How many plastic spoons, knives, and forks do you think we throw away daily? [Stefan] noted that the compostable type is made from PLA, so why shouldn’t you be able to recycle it into 3D printing stock? How did it work? Check it out in the video below.

[Stefan] already has a nice setup for extruding filament. However, unsurprisingly, it won’t accept spoons and forks directly. A blender didn’t help, so he used an industrial plastic shredder. It reduced the utensils to what looked like coarse dust, which he then dried out. After running it through the extruder, the resulting filament was thin and brittle. [Stefan] speculates the plastic was set up for injection molding, but it at least showed the concept had merit.

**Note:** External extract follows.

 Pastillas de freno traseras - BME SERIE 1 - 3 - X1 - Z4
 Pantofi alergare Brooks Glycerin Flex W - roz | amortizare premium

In a second attempt, he cut the ground-up utensils with fresh PLA in equal measures. That is, 50% of the mix was recycled, and half was not. That made much more usable filament. So did a different brand of compostable plasticware.

The real test was to take dirty plasticware. This time, he soaked utensils in tomato sauce overnight. He cleaned, dried, and shredded the plastic. This time, he used 20% new PLA and some pigment, as well. We aren’t sure this is worth the effort simply on economics, but if you are committed to recycling, this might be worth your while.

It always seems like it should be easy to extrude filament. Until you try to do it, of course. Recycling plastic bottles is especially popular.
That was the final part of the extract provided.